Most of our other demo notebooks use small datasets included with the
RAIL demo package, all with the same input names. These datasets are
named consistently with many of the default parameter values used in
RAIL, e.g. hdf5_groupname="photometry" and ugrizy photometry named
in a pattern "mag_{band}_lsst", often specified in
SHARED_PARAMS.
This notebook will just show a quick run with an alternate dataset, showing the values that users will likely need to change in order to get things running.
Note: If you’re planning to run this in a notebook, you may want to
use interactive mode instead. See
Running_with_different_data.ipynb
in the interactive_examples/estimation_examples/ folder for a
version of this notebook in interactive mode.
import os
import matplotlib.pyplot as plt
import numpy as np
import tables_io
First, we’ll start with grabbing some small datasets from NERSC, a tar file with some data drawn from the Roman-Rubin simulation:
training_file = "./romanrubin_demo_data.tar"
if not os.path.exists(training_file):
os.system('curl -O https://portal.nersc.gov/cfs/lsst/PZ/romanrubin_demo_data.tar')

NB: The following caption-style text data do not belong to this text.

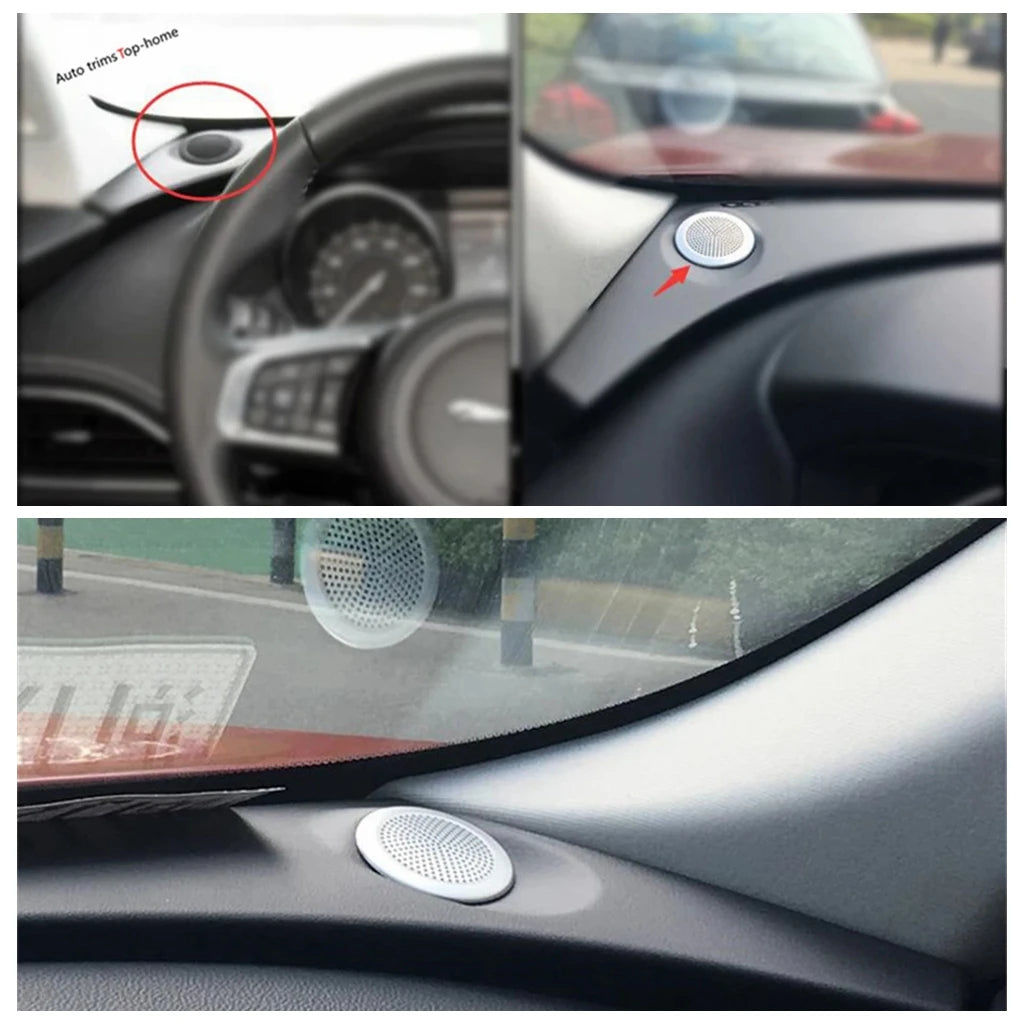 Dashboard Front Stereo Speaker Audio Net Tweeter Mesh Cover Trim Kit Accessories Fit For Jaguar F-Pace 2017 - 2024 Car Styling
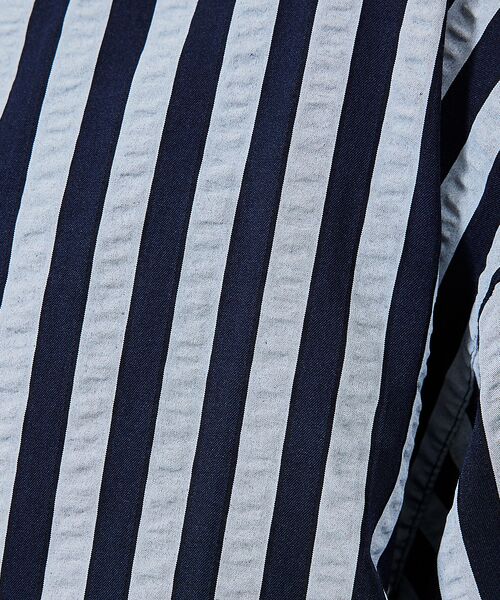 ABAHOUSE / アバハウス シャツ・ブラウス | サッカーストライプ スキッパーシャツ / オーバーサイズ / 半袖シャツ | 詳細4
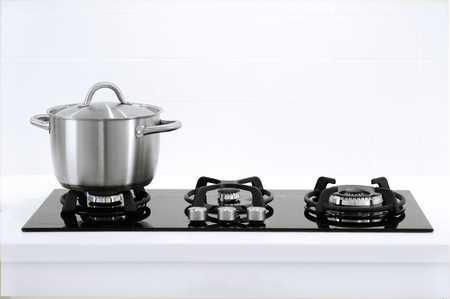 Minimalistic kitchen stove with gasの写真素材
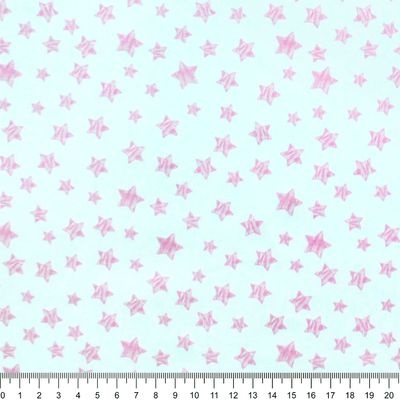 Tecido-Tricoline-Estrela-Riscada-Rosa-Fundo-Branco-Della-Aviamentos-10494RE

os.system('tar -xvf romanrubin_demo_data.tar')
% Total % Received % Xferd Average Speed Time Time Time Current
Dload Upload Total Spent Left Speed
0 0 0 0 0 0 0 0 --:--:-- --:--:-- --:--:-- 0
romanrubin_train_data.hdf5
romanrubin_test_data.hdf5
54 4670k 54 2555k 0 0 2496k 0 0:00:01 0:00:01 --:--:-- 2498k
100 4670k 100 4670k 0 0 4213k 0 0:00:01 0:00:01 –:–:– 4214k
Let’s load one of the files and look at the contents:
infile = "romanrubin_train_data.hdf5"
data = tables_io.read(infile)
data.keys()
odict_keys(['H', 'H_err', 'J', 'J_err', 'g', 'g_err', 'i', 'i_err', 'r', 'r_err', 'redshift', 'u', 'u_err', 'y', 'y_err', 'z', 'z_err'])

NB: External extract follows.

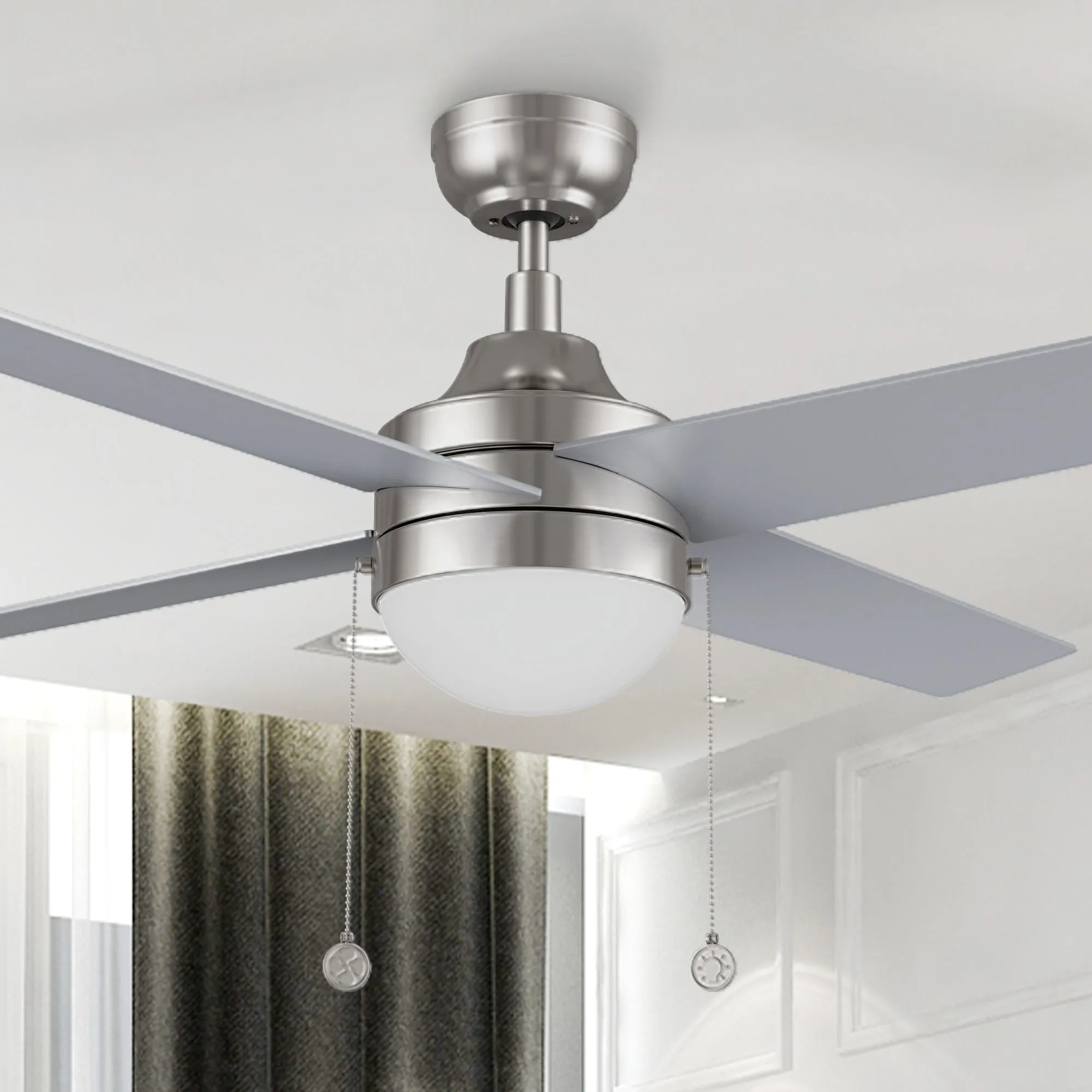 Sunalia 52 inch Ceiling Fan with LED Light and Pull Chain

We can see that, unlike the demo data in other notebooks, there is no
top level hdf5_groupname of “photometry”, the data is directly in the
top level of the hdf5 file. As such, we will need to specify
hdf5_groupname="" to override the default value of "photometry"
in RAIL.
We also see that the magnitudes and errors are simply named with the
band name, e.g. "u" rather than "mag_u_lsst". Again, we will
need to specify the band and error names in order to override the
defaults in RAIL. Let’s do that below, using the KNearNeighInformer and
Estimator algorithms:
from rail.core.data import TableHandle
from rail.core.stage import RailStage
from rail.estimation.algos.k_nearneigh import KNearNeighInformer, KNearNeighEstimator
trainFile = "./romanrubin_train_data.hdf5"
testFile = "./romanrubin_test_data.hdf5"
training_data = tables_io.read(trainFile)
test_data = tables_io.read(testFile)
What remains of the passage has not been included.